Tests and improving functionality :

1. Change list casting to set casting for decompose() : This was a minor PR to change the return type of decompose() method from list to set. This was necessary due to certain failing test on the master branch. This was the issue raised.

2. Add Mathematica test cases for 3D polytopes : This PR focused on testing the 3D use-case of the mentioned algorithm with 3-polytopes from PolyhedronData library of Mathematica. On observing the time taken by the algorithm to pass the tests I resolved to port this module into symengine after the GSoC period. Since symengine is written in C++, the time improvement would be a major one.

3. Compute all monomials upto max_degree(2D case) : If a polynomial is not supplied as input but instead a max_degree is supplied then integration of all monomials with total power less than or equal to the max_degree over the polytope is returned as the result.0

4. Feature to compute integrals for list of polynomials up to max_degree(3D use case) : If a polynomial is not supplied as input but instead a max_degree is supplied then integration of all monomials with total power less than or equal to the max_degree over the polytope is returned as the result. If a list of polynomials is supplied then those integrals are computed and dictionary of results is returned.

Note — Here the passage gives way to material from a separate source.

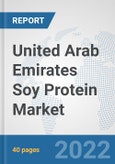 United Arab Emirates Soy Protein Market: Prospects, Trends Analysis, Market Size and Forecasts up to 2028- Product Image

5. Updating the documentation for the new module : This updates the SymPy docs site with the information on how to use this newly introduced module.

6. Support for implicit intersecting polygons : In all probability this will not be merged before GSoC deadline(August 29, 2017). This PR addresses the issue of the support for intersecting polygons not existing in SymPy. However, at the time of writing this report this PR has two limitations :

• The algorithm for computing intersections is not efficient. Needs to be replaced by the Bentley-Ottmann Algorithm.
• The algorithm doesn't work for polygons with more than two sides passing through the same intersection point.

Eventually, Christopher Smith a long time member of SymPy resolved the issue of implicit intersections by making sure that the order of points in a line segment are kept intact. This is the pull request.

Conclusion

This summer has been a great learning experience. Writing a functionality, testing, debugging it has given me good experience in test-driven development.

If any discrepancies or shortcomings are found in this module I will be more than happy to take it up and work on it. I am grateful to my mentors, Ondrej Certik and Prof. N. Sukumar for reviewing my work and giving me valuable advice. Prof. Sukumar acted an unofficial mentor(that is, not associated with GSoC program) for this project.